The road to becoming New York’s primary school chess champ began for Adewumi almost a year ago when Russell Makofsky, his coach and overseer of the chess program at P.S. 116, helped him practice the board game for hours after school. Makofsky said it was only a matter of time before Adewumi shot to the top of the class.
“His intellect, his aptitude, his capacity to learn chess is off the charts,” Makofsky told USA Today. “From not playing to beating the best of the best in one year is unheard of, all while living in a homeless shelter.
That’s right, Adewumi and his family are homeless. As reported by BBC News, the family fled northern Nigeria in 2017 to escape attacks on Christians by the violent Islamist group Boko Haram. Seeking religious asylum, the family settled in New York close to a year ago and are now living at a local shelter.
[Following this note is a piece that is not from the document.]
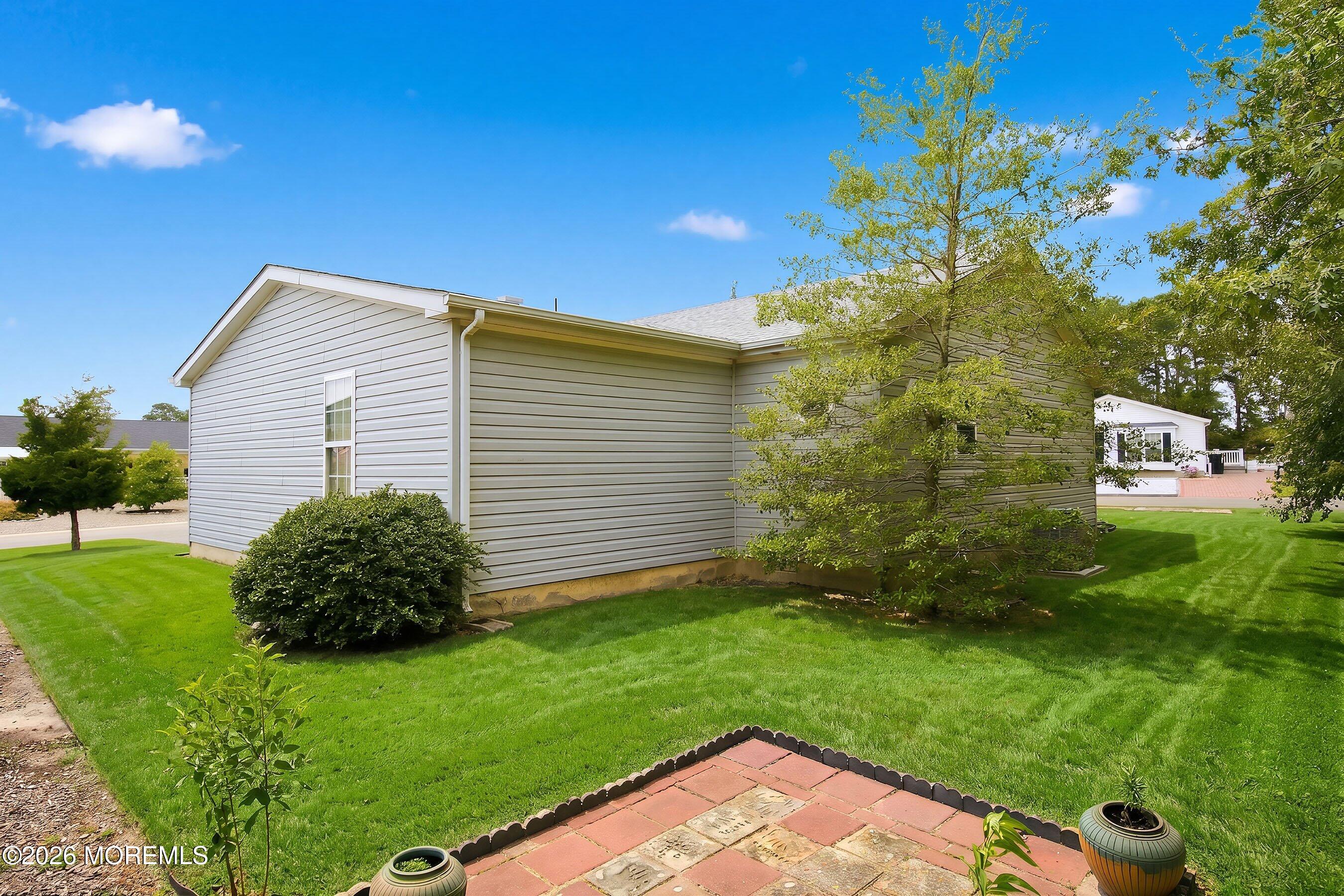 60 Fort Lee Drive Manahawkin NJ 08050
Although they still don’t have a permanent place to call home, the little boy’s parents said they’re willing to do whatever it takes to support their son. For now, Adewumi is stuck practicing the board game on the floor when he’s not at school.
“We are grateful to God for giving us the opportunity to put him in a school that he can see his goal and get his career,” mother Oluwatoyin Adewumi said.
School chess coach Shawn Martinez reach out to Adewumi about joining the chess club after seeing him excel in the game just weeks after learning it, USA TODAY reported. With the membership, however, came costly fees the 8-year-old’s family simply could not afford. So, Martinez decided to waive all Adewumi’s club costs, which for players who become heavily involved can easily exceed thousands of dollars for things like travel and chess camp admissions.
“He smiled every time he did anything on the board or learned something new,” Martinez said of the young prodigy who learned to play chess at school last year. “I could just tell this game was for him.”
A fellow student even gifted Adewumi with a chess clock to use for practice, according to the new site. His mother also helped foster his success by taking him to free three-hour practice sessions in Harlem while his dad let him play online chess on his laptop.
“It’s deep thinking, you have to like understand a lot of stuff,” Adewumi said of the brain-blasting board game.
Since his state championship win, a GoFundMe page launched on Adewumi’s family’s behalf has raised more than $160,000 as of Tuesday. The online campaign, created by Makofsky, was launched with the goal of helping “Tani’s family secure a home where he can continue on his journey.” Maksofsky said the family has even received offers for a car, legal services, and even housing.
“My hope is that he’ll be in a home tonight,” the chess coach told USA TODAY.
With a state win under his belt, Adewumi is now prepping for the elementary national championship in May.